Sexually transmitted diseases (STDs)
once called venereal diseases, are among the most common infectious
diseases in the United States today. More than 20 STDs have now
been identified, and they affect more than 13 million men and women
in this country each year. The annual comprehensive cost of STDs
in the United States is estimated to be well in excess of $10 billion.
Understanding the basic facts about STDs – the ways in
which they are spread, their common symptoms, and how they can
be treated– is the first step toward prevention. The National
Institute of Allergy and Infectious Diseases (NIAID), a part of
the National Institutes of Health, has prepared a series of fact
sheets about STDs to provide this important information. Research
investigators supported by NIAID are looking for better methods
of diagnosis and more effective treatments, as well as for vaccines
and topical microbicides to prevent STDs.
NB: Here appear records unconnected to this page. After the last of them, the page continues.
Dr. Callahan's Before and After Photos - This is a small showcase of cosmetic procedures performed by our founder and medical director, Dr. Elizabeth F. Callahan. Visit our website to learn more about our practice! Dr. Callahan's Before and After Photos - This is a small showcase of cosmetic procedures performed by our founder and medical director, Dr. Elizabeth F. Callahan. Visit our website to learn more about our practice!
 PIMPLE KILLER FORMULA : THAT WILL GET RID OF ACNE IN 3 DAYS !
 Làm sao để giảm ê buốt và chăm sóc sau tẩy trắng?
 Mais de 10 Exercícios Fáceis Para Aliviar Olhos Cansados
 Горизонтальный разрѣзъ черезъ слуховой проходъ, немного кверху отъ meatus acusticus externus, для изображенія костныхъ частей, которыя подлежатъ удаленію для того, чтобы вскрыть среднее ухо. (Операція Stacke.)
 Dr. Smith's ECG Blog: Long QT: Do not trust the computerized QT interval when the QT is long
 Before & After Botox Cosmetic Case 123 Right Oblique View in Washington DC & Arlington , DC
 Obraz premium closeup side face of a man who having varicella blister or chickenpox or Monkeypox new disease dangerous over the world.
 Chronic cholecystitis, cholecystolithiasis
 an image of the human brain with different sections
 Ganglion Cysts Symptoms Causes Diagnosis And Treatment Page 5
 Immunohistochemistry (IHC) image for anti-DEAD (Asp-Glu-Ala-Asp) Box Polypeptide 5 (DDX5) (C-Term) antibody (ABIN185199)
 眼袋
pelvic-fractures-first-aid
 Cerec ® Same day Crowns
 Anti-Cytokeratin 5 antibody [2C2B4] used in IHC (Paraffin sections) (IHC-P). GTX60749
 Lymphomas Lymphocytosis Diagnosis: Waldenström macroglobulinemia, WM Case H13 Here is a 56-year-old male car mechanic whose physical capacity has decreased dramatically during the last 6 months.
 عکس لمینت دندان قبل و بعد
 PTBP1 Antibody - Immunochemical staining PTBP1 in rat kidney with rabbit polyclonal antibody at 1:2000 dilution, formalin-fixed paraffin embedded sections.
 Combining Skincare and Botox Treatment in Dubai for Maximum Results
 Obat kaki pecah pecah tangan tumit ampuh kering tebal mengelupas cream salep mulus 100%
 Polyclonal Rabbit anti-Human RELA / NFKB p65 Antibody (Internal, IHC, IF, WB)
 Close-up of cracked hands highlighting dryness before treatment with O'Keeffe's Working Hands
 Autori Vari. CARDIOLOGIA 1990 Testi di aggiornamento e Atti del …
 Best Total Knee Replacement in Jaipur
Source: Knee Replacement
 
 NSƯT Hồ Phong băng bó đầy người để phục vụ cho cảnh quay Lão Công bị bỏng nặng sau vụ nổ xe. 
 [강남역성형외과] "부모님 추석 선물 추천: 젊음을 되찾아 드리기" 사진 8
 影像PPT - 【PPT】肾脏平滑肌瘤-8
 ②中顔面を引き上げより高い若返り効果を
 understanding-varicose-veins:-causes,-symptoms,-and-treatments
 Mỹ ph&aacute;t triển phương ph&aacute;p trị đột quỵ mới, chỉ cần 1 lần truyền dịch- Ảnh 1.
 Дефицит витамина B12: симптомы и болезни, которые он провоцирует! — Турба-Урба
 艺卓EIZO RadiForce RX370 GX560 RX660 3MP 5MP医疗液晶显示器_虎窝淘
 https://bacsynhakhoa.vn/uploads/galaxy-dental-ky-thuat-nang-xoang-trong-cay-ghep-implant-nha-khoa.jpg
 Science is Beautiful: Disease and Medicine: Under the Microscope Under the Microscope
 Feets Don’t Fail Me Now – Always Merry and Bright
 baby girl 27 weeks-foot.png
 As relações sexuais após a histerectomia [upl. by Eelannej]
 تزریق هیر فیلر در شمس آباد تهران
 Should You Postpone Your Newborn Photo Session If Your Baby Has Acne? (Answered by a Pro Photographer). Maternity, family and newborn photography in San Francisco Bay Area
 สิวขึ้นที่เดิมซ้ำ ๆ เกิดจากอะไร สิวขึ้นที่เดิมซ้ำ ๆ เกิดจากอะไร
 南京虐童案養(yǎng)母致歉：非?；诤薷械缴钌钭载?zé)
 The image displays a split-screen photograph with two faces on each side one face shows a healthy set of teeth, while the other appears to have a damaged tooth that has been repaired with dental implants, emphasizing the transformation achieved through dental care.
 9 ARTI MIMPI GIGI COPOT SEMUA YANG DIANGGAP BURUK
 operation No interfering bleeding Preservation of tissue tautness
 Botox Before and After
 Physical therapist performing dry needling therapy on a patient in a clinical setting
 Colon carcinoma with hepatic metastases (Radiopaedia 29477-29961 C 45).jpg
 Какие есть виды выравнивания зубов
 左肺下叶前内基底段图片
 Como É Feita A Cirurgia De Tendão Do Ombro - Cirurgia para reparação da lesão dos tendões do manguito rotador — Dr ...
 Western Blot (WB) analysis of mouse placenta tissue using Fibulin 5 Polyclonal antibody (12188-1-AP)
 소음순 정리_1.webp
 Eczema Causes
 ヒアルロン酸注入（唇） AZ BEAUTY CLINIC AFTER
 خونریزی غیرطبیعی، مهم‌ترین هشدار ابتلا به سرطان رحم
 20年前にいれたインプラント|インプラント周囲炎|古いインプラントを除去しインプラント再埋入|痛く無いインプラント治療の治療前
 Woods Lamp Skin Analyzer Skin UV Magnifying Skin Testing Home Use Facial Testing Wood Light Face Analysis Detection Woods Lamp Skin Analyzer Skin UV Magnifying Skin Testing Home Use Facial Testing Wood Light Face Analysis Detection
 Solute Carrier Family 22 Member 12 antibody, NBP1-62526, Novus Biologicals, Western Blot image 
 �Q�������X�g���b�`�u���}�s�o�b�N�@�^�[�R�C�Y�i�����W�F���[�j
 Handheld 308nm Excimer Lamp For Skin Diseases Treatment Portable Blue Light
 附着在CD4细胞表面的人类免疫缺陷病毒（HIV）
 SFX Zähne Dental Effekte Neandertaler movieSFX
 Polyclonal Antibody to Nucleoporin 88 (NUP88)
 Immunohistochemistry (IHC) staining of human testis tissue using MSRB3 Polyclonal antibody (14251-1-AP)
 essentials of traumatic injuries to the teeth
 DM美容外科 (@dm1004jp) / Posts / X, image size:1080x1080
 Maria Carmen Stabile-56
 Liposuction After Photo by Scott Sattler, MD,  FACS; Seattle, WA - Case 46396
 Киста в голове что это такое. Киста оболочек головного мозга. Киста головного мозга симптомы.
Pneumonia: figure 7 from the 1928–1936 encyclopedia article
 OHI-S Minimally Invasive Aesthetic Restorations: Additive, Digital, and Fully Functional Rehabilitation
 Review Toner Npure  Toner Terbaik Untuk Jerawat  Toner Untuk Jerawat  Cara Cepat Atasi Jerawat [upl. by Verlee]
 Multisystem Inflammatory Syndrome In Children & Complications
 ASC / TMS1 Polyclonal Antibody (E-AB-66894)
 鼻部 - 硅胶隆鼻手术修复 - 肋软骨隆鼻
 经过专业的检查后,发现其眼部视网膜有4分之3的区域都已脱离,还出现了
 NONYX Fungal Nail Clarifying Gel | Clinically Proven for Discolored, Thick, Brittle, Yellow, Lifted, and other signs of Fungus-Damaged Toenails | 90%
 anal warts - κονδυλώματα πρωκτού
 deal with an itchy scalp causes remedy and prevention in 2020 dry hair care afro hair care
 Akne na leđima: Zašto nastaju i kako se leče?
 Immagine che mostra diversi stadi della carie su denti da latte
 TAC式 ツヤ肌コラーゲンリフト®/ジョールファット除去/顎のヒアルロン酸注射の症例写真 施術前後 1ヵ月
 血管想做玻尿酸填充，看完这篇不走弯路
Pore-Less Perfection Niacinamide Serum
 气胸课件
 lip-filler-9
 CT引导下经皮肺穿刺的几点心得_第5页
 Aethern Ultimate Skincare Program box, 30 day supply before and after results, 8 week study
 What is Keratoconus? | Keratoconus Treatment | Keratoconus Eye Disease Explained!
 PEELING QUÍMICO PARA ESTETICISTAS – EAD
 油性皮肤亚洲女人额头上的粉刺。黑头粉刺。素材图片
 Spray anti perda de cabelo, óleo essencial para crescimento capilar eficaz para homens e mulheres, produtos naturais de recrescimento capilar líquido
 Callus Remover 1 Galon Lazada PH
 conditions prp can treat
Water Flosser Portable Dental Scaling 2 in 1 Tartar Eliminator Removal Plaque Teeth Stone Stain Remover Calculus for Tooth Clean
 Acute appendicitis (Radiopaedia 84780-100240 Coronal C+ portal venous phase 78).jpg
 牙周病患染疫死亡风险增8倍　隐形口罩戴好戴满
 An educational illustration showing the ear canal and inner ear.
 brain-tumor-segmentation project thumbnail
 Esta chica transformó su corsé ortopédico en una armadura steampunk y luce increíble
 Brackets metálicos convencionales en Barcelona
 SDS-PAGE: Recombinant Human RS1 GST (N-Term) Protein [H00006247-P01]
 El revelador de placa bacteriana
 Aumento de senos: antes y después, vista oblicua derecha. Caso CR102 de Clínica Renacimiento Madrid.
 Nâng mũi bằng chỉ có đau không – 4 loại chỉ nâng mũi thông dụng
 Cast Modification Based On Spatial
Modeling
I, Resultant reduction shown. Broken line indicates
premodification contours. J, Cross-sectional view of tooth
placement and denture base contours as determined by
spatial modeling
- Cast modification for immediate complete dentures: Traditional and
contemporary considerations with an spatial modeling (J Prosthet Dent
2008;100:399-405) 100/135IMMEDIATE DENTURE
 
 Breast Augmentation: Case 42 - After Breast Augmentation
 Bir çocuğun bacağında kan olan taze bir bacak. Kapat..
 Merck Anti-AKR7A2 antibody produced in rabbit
It is important to understand at least five key points
about all STDs in this country today:
- STDs affect men and women of all backgrounds and economic
levels. They are most prevalent among teenagers and young adults.
Nearly two-thirds of all STDs occur in people younger than 25
years of age.
- The incidence of STDs is rising, in part because in the last
few decades, young people have become sexually active earlier
yet are marrying later. In addition, divorce is more common.
The net result is that sexually active people today are more
likely to have multiple sex partners during their lives and
are potentially at risk for developing STDs.
- Most of the time, STDs cause no symptoms, particularly in
women. When and if symptoms develop, they may be confused with
those of other diseases not transmitted through sexual contact.
Even when an STD causes no symptoms, however, a person who is
infected may be able to pass the disease on to a sex partner.
That is why many doctors recommend periodic testing or screening
for people who have more than one sex partner.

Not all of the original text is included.